The Senate Finance Committee has passed a bill that would give North Carolina voters the opportunity to add strong protections against over-taxation and wasteful government spending to our state constitution.
The Taxpayer Bill of Rights would allow voters to consider three proposed constitutional amendments on the presidential primary ballot in March 2016 – including an amendment reducing the maximum income tax rate allowed in that document from ten percent to five percent of income.
Our constitution has set the maximum income tax rate at ten percent for decades. But after our nationally-recognized efforts to reform and lower our tax rates paid off with a $445 million surplus this year, the need is clear to provide voters the opportunity to affirm those reforms. And lowering the maximum income tax rate to five percent will provide taxpayers with constitutional certainty that politicians will not be able to return to the tax-and-spend ways that left us with the Southeast’s highest taxes and multi-billion dollar deficits.

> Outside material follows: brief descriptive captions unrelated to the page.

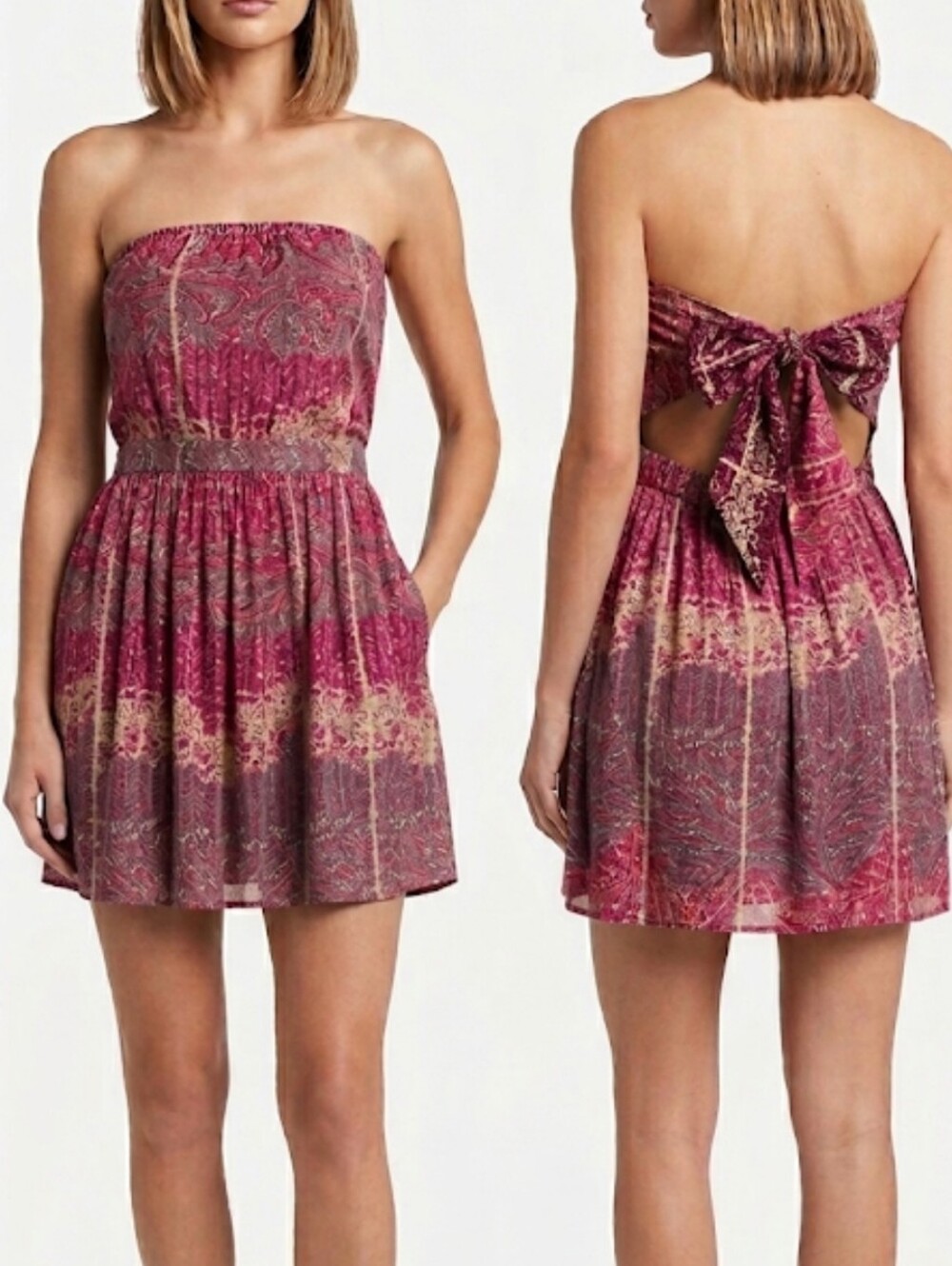 Ecote Paisley Strapless Mini Dress Boho Festival Open Back Tie Dress Size S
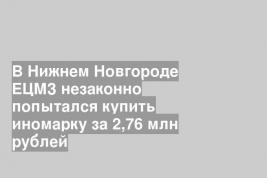 В Нижнем Новгороде ЕЦМЗ незаконно попытался купить иномарку за 2,76 млн рублей
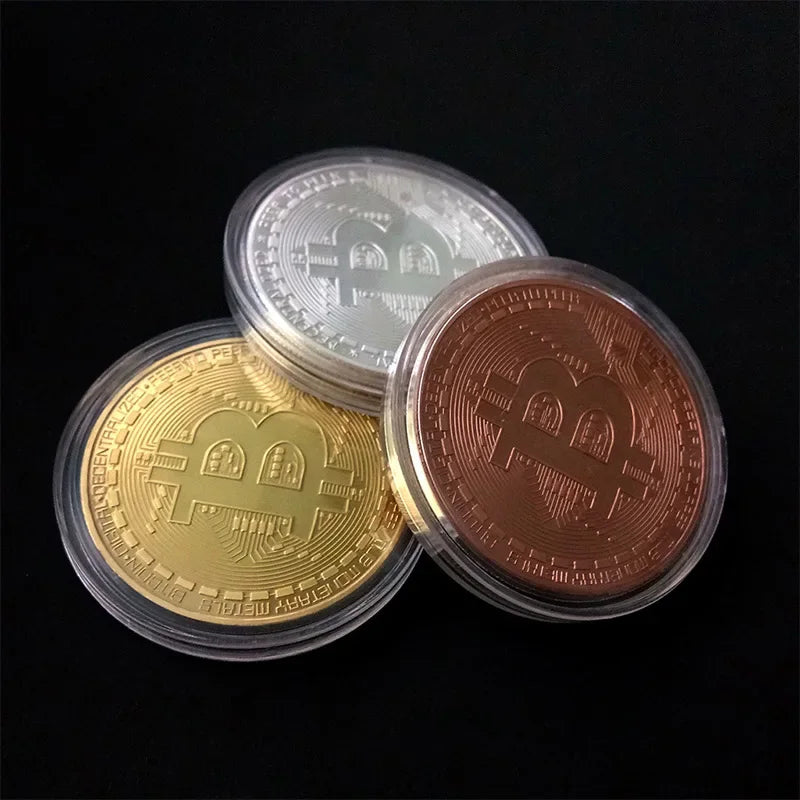 Physical Bitcoin Coin - Gold Plated BTC Commemorative Token
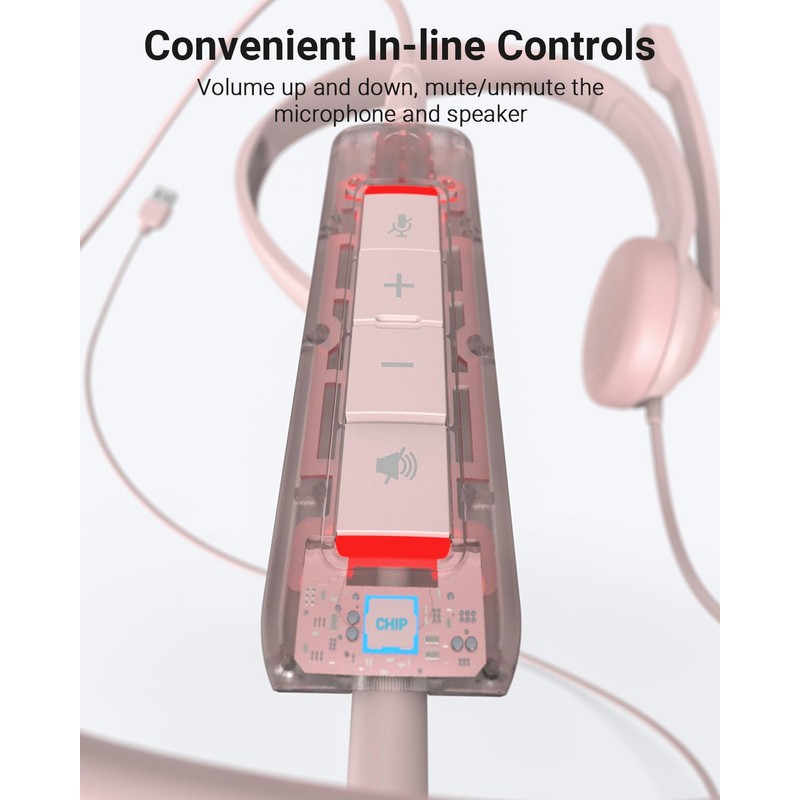NUBWO HW02 USB Headset with Microphone Noise Cancelling &in-line Control,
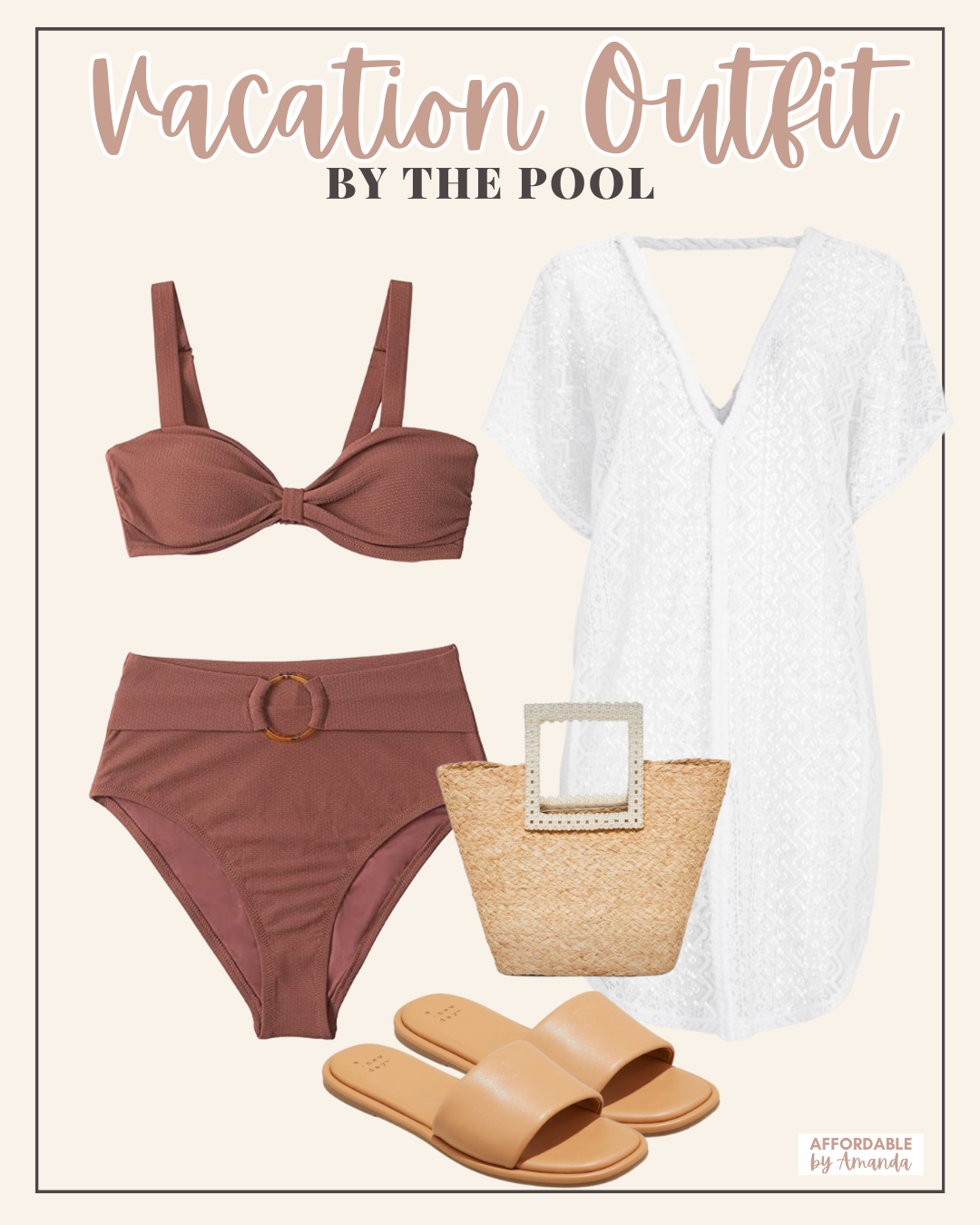 Brown two piece bikini, walmart white crochet cover up, tan beach sandals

Voters would also consider a measure creating a responsible limit on the growth of state government spending by tying it to changes in population and inflation – which could only be exceeded with a two-thirds vote of the General Assembly – along with an amendment establishing a constitutionally-protected ‘Rainy Day’ fund that could only be used for true financial emergencies, like natural disasters.
We all know that government, just like families, ought to spend responsibly and save for hard times and unforeseen circumstances. But too many politicians have a hard time doing those things with taxpayer money. That’s why the Senate is proposing to give voters the chance to place these important protections in our state’s highest law.